Closing the Gap: Turning GenAI Prototypes into Scalable Business Solutions

From our perspective, this gap is the main reason companies fail to productise their GenAI products and they get stuck in the prototyping phase. For nearly a decade, Faktion has been focused on closing this gap by turning promising AI prototypes into practical, scalable systems that meet real-world needs.

In this post, we examine the challenges of Generative AI, explain why traditional methods fall short, and outline how Faktion’s approach converts prototypes into workable solutions—all while working toward a future where domain experts and business users can independently build, monitor, manage, and scale AI tools and applications.

The Generative AI Paradox: AI Technical Mastery Versus Domain Expertise

The idea behind Generative AI is that companies can use an always-on, AI-driven system to automate everyday tasks and even decision-making. However, several issues arise when putting this idea into practice:

  • Unpredictable Outputs and Reliability Concerns:
    Unlike traditional systems that produce predictable results, Generative AI can yield varying outputs. These results require regular checks and updates to remain accurate and useful in different scenarios.
  • Gaps in Domain Knowledge:
    While AI engineers are adept at developing AI tools and products, they may not fully understand the detailed rules and practices of specific industries. This makes it challenging to determine if AI outputs meet the necessary standards.
  • Limited Tools for Industry Experts:
    Domain experts in various fields can often spot errors or missing context in AI-generated content, but the current tools and systems are not designed in a way that they could make necessary adjustments without any deep AI understanding and development skills.

How Faktion Solves the Paradox of AI Productisation

Our vision at Faktion is to build AI tools, products, and platforms that put AI in the hands of business users, to not just use them but also to monitor, manage and scale them. To achieve this, we have created our dedicated approach built on three key principles:

Deep and Comprehensive AI Building Experience

Our team brings extensive expertise in creating state-of-the-art AI models—from data ingestion and model training to deployment and continuous improvement.

We possess not only technical skills in machine learning and generative AI models but also a comprehensive insight into every phase of development. Our experience covers all iterations, pitfalls, and challenges associated with building, scaling, and maintaining AI systems.
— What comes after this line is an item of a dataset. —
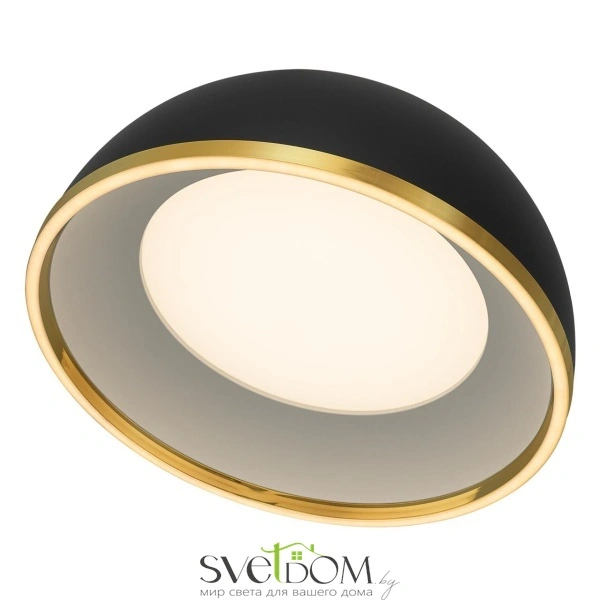 CITILUX CL736151 FLOOM Черный+Золото Светильник Потолочный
Robust Software Engineering & Integration

Our success in AI is built not only on advanced models but also on strong software engineering. This means designing and building scalable, user-friendly interfaces that translate complex AI processes into tools that address real-world business needs.

We focus on integrating intricate AI and MLOps tasks into intuitive, visual environments that bridge the gap between technical operations and everyday workflows, ensuring that powerful AI solutions are both accessible and easy to operate.

A Product Mindset: Turning AI & MLOps Tasks into Intuitive UX/UI

We believe that the true power of AI is unlocked when technical complexity is translated into user-friendly tools where domain experts and business users will eventually be autonomous in monitoring, managing and scaling AI tools and applications.

However, currently there is a high technical expertise needed that only AI engineers obtain and no domain expert or business user. Hence, we approach AI development with a product mindset where not only do we build AI tools and applications, but we also build interfaces to monitor, manage and scale them without any technical expertise needed.

In this approach, we enable domain experts to validate outputs and influence system improvements directly. Their feedback is then productively transformed into concrete tasks for our AI developers, ensuring that our systems are continuously refined and aligned with evolving business needs.

Going Deeper: What Are The Key Elements For An AI System To Be Successful

Generative AI is not a one-off deployment; it is a continuously evolving system that requires robust productisation to achieve sustainable value. Our comprehensive strategy not only bridges the gap between technical development and domain expertise but also integrates advanced technologies to streamline continuous improvement.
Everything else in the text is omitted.